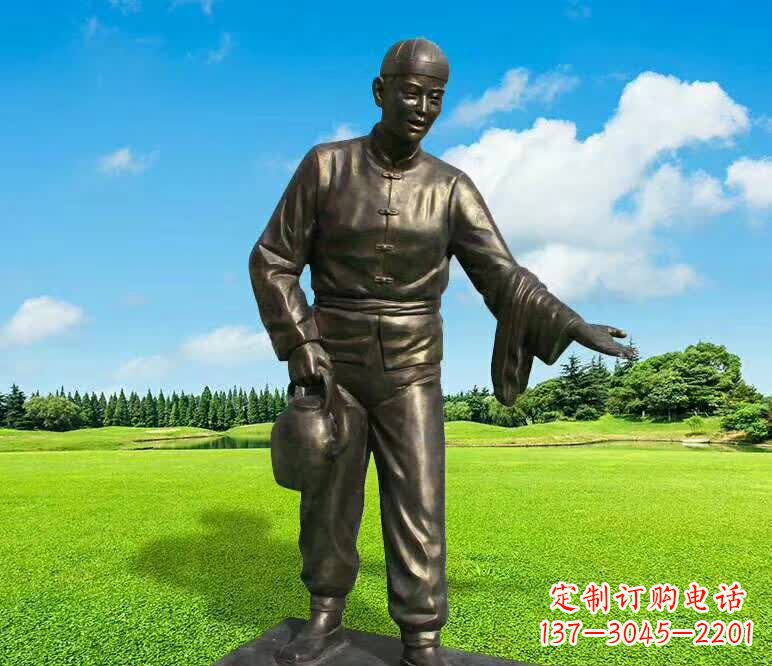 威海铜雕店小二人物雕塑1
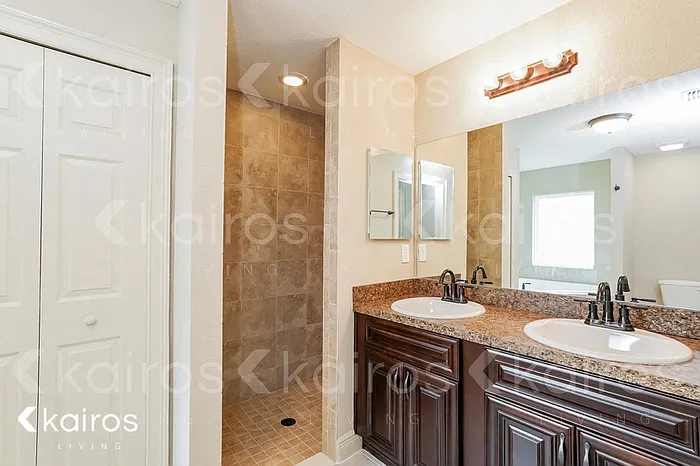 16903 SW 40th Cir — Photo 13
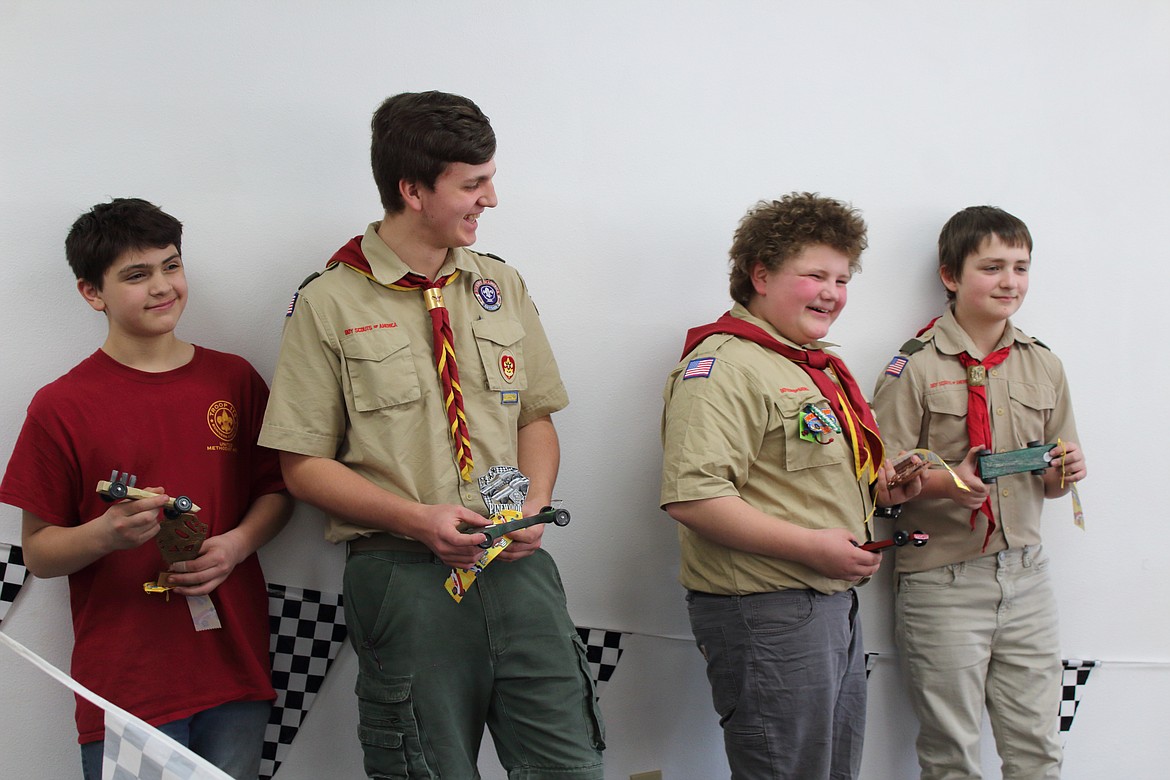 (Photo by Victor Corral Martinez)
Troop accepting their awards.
--
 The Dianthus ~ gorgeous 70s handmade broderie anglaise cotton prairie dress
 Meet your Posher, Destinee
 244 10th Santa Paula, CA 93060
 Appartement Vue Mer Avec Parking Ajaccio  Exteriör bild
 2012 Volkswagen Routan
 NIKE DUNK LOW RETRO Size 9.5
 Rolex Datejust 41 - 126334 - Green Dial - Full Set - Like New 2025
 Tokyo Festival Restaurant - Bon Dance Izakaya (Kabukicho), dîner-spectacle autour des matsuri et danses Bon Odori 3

**What is required:** Write down exactly the span of lines above from the one containing "Meet your Posher, Destinee" to the one containing "Tokyo Festival Restaurant", both ends included.

**Output:**
 Meet your Posher, Destinee
 244 10th Santa Paula, CA 93060
 Appartement Vue Mer Avec Parking Ajaccio  Exteriör bild
 2012 Volkswagen Routan
 NIKE DUNK LOW RETRO Size 9.5
 Rolex Datejust 41 - 126334 - Green Dial - Full Set - Like New 2025
 Tokyo Festival Restaurant - Bon Dance Izakaya (Kabukicho), dîner-spectacle autour des matsuri et danses Bon Odori 3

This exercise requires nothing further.